Task to carry out >> Exact copy without images: repeat every entry as written.

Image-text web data
——

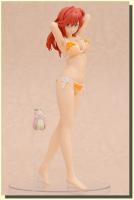 Takatsuki Ichika Swimwear Figure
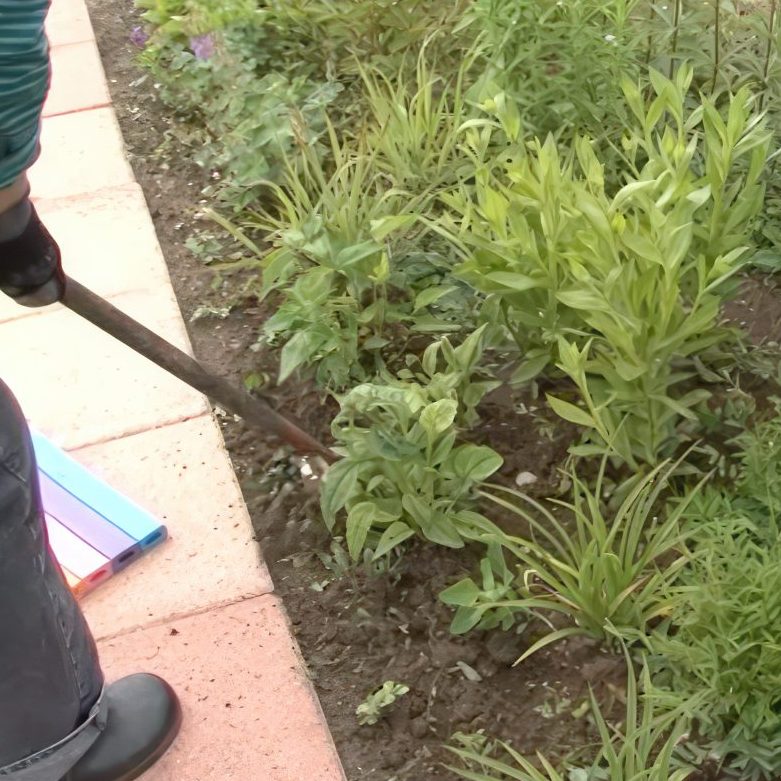 staudebed Lug ukrudtet væk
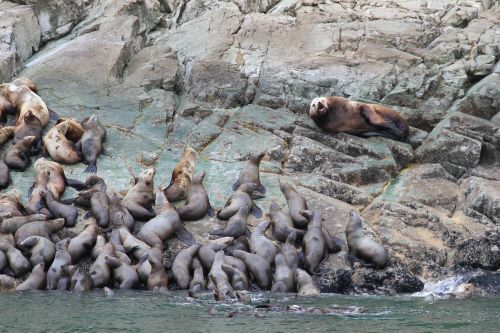 seals animals sea life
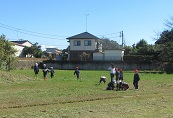 IMG_8238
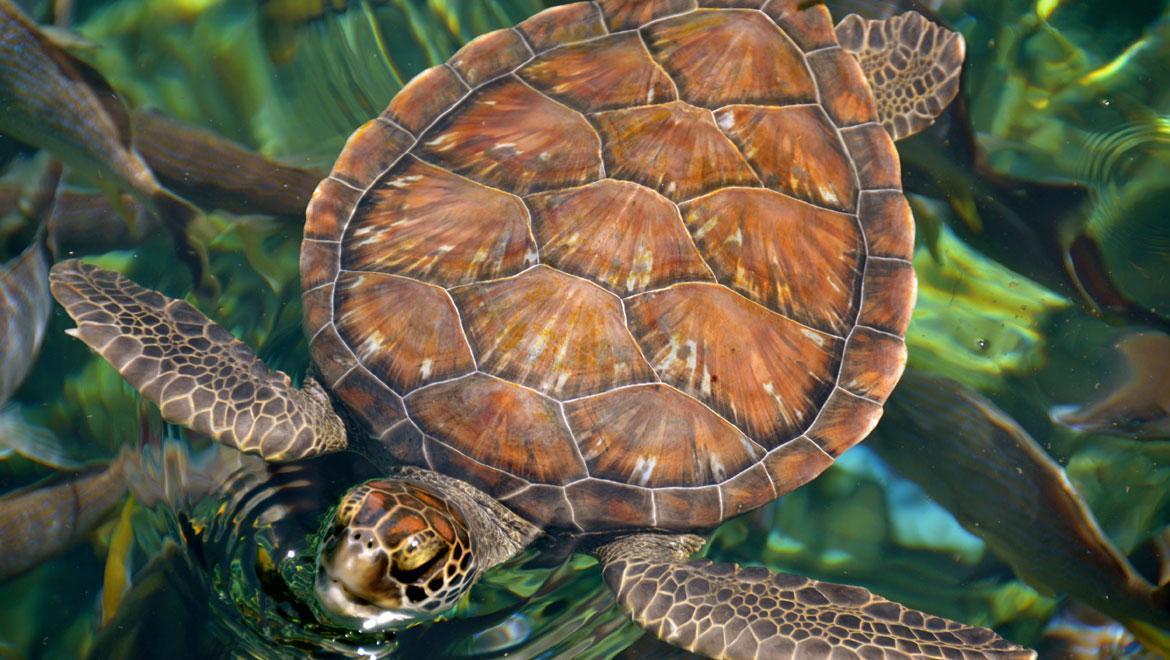 West Bay Driving Tour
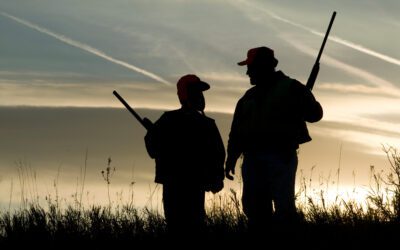 Änderungen im Waffenrecht – welche Auswirkungen haben sie für die Jägerschaft?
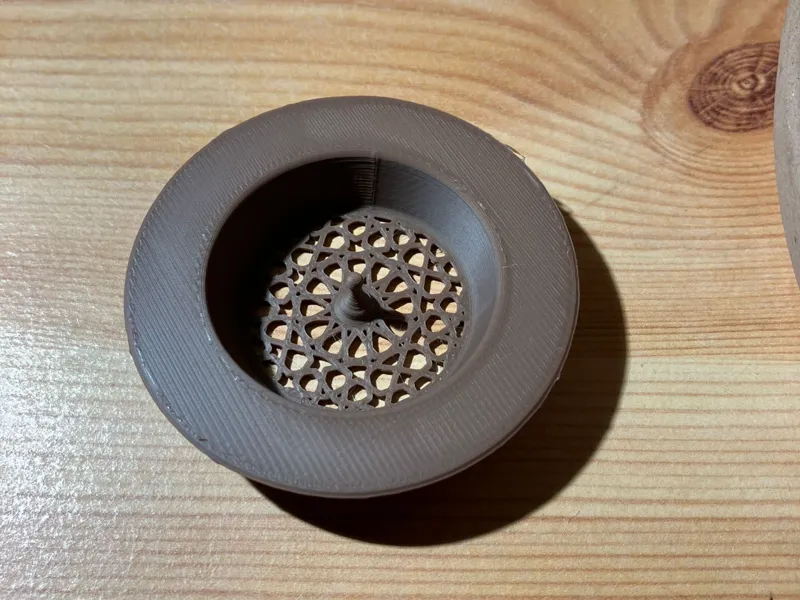 Drain hole filter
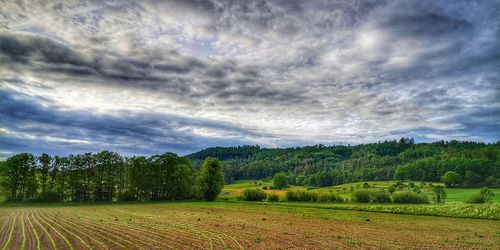 Scenic view of agricultural field against sky
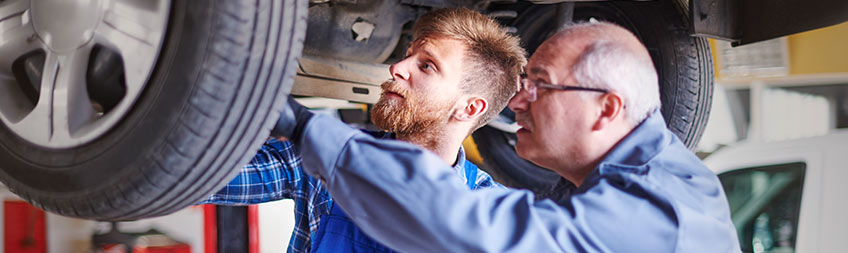 Post-purchase inspection of salvage cars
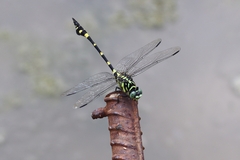 Ictinogomphus pertinax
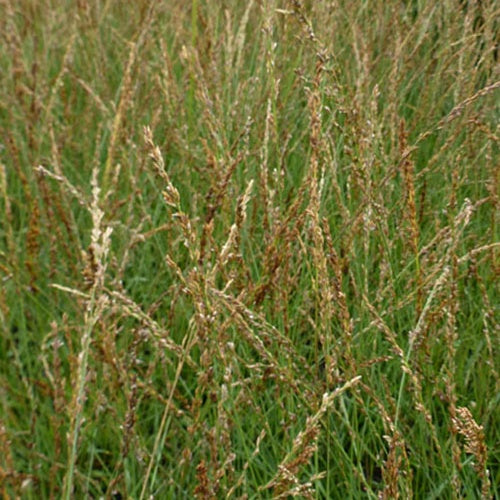 Blaues Pfeifengras Poul Petersen - Bakker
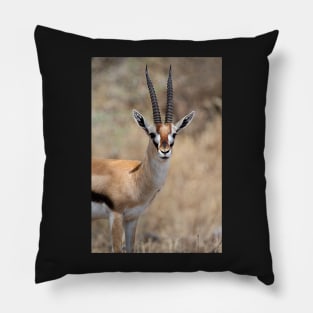 Thomson's Gazelle, Serengeti, Tanzania. Pillow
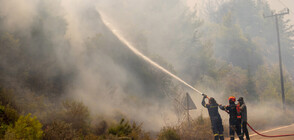 САМО ЗА ДЕН: 61 нови пожара избухнаха в Гърция (ОБЗОР)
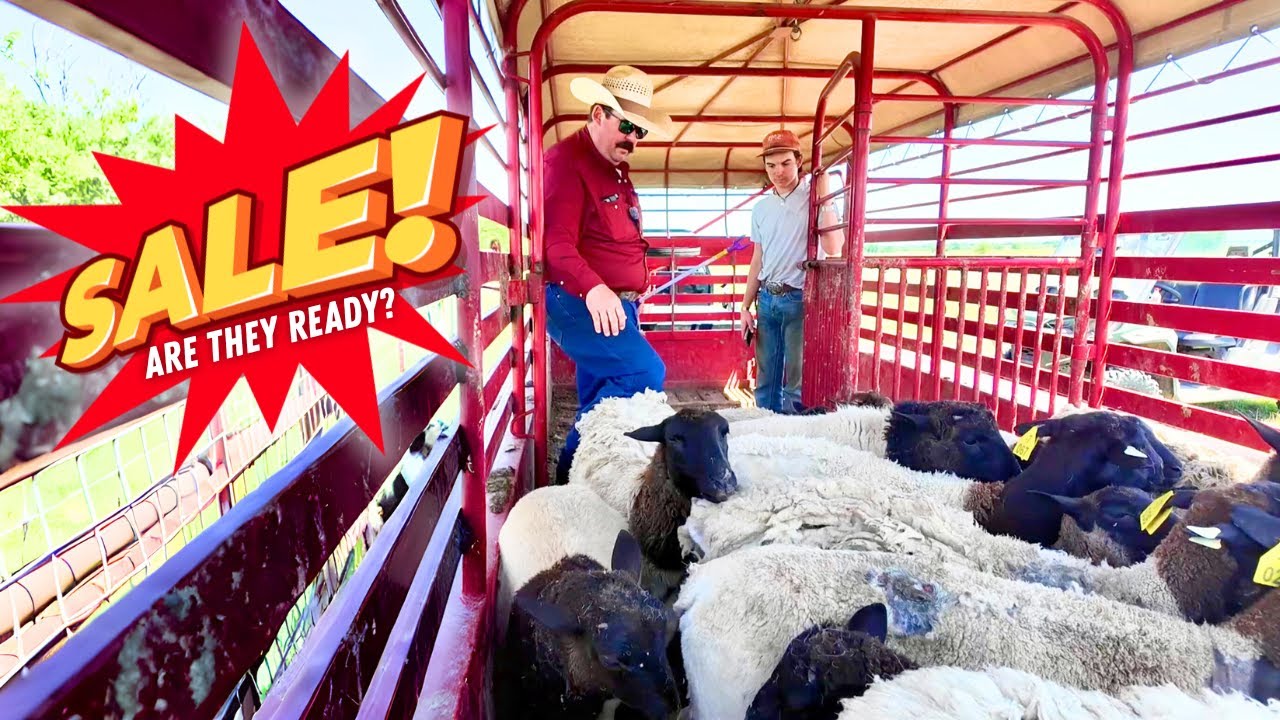 Ranch Life: The Struggles You Never Knew Existed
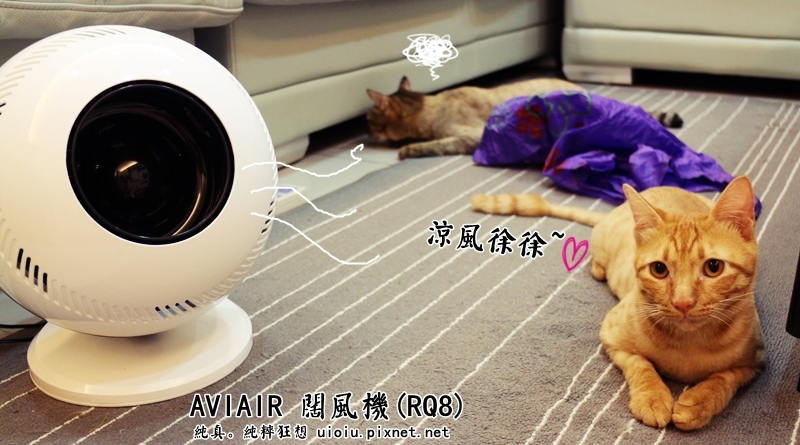AVIAIR 闊風機(RQ8)000.JPG AVIAIR 闊風機(RQ8)000.JPG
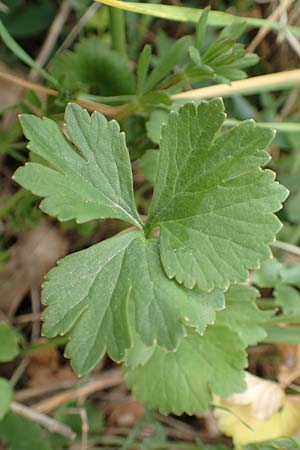 Ranunculus compositus \ Zusammengesetzter Gold-Hahnenfu� / Compound Goldilocks, D Pr&uuml;m-Fleringen 22.4.2017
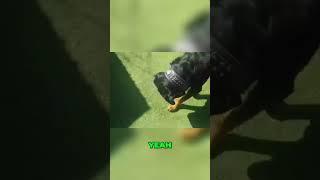 Rottweiler vs. Ants: The Ultimate Showdown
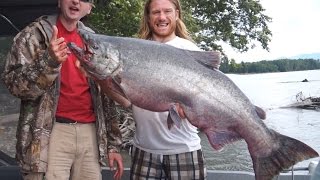 Massive King Salmon Caught Bar Fishing [upl. by Siuluj]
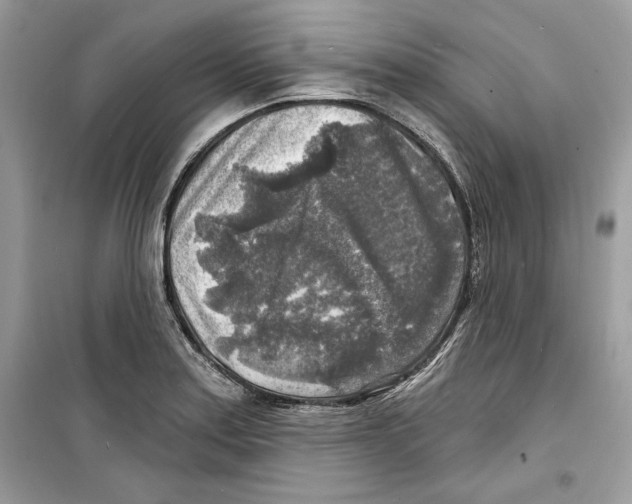 X0000098171179200805221509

——

Response to this exercise >>
 Takatsuki Ichika Swimwear Figure
 staudebed Lug ukrudtet væk
 seals animals sea life
 IMG_8238
 West Bay Driving Tour
 Änderungen im Waffenrecht – welche Auswirkungen haben sie für die Jägerschaft?
 Drain hole filter
 Scenic view of agricultural field against sky
 Post-purchase inspection of salvage cars
 Ictinogomphus pertinax
 Blaues Pfeifengras Poul Petersen - Bakker
 Thomson's Gazelle, Serengeti, Tanzania. Pillow
 САМО ЗА ДЕН: 61 нови пожара избухнаха в Гърция (ОБЗОР)
 Ranch Life: The Struggles You Never Knew Existed
AVIAIR 闊風機(RQ8)000.JPG AVIAIR 闊風機(RQ8)000.JPG
 Ranunculus compositus \ Zusammengesetzter Gold-Hahnenfu� / Compound Goldilocks, D Pr&uuml;m-Fleringen 22.4.2017
 Rottweiler vs. Ants: The Ultimate Showdown
 Massive King Salmon Caught Bar Fishing [upl. by Siuluj]
 X0000098171179200805221509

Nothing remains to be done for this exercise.